The project is drawn together through the base `DeviceRunner` class. A simple subscriber utility, for verifying publishing, has also been provided.
* `DeviceRunner` - sets up and runs a list of devices.
* `Mqtt5Subscriber` - included as a simple utility for subscribing to topics and inspecting MQTT broker messaging.
**Basic Structure**
When working with virtual devices in this project, keep in mind that the following class structure, from the bottom up, is used:
* _Data Generator_ - generates primitive values of type Long, Double or String.
* _Item_ - encapsulates the results of a Data Generator adding to them a label and a name, so that the item can be handled elsewhere.
* _Sample_ - encapsulates a set of Items adding with them an MQTT topic and a timestamp of when the item data was generated.
* _Device_ - encapsulates a set of Samples, schedules the value updates and handles communication with the MQTT broker.

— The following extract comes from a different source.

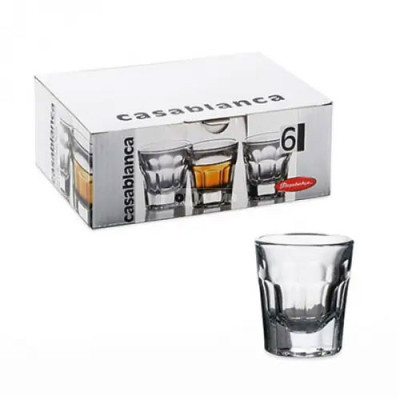 Набір чарок 6шт 30мл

* _DeviceRunner_ - encapsulates a set of Devices, manages their threads and sets up the broker client.
**Configurability**
Devices are fully configurable using a runner configuration YAML file. Internally devices can use a standard numeric or string generator to create values for primitive payload item fields. More sophisticated random value generators can be added through the [Item Plugins](plugins/README.md#Item-plugins) API. The [Sample Plugins](plugins/README.md#Sample-plugins) API permits the creation of more complex sample payloads.
## System requirements
This project relies upon:
* Java SE 17
* Maven 3.5.6
For best results it should be built with these versions or higher of these platforms. Please ensure that they are installed before proceeding.
Support scripts are written in bash to be run on Linux or Mac. Bash version 5.1.16 was used.
## Quick Start
For a quick peek at what this project does and how it works, try `scripts/quickStart.sh`. This will
1. quick build the project, if not already built.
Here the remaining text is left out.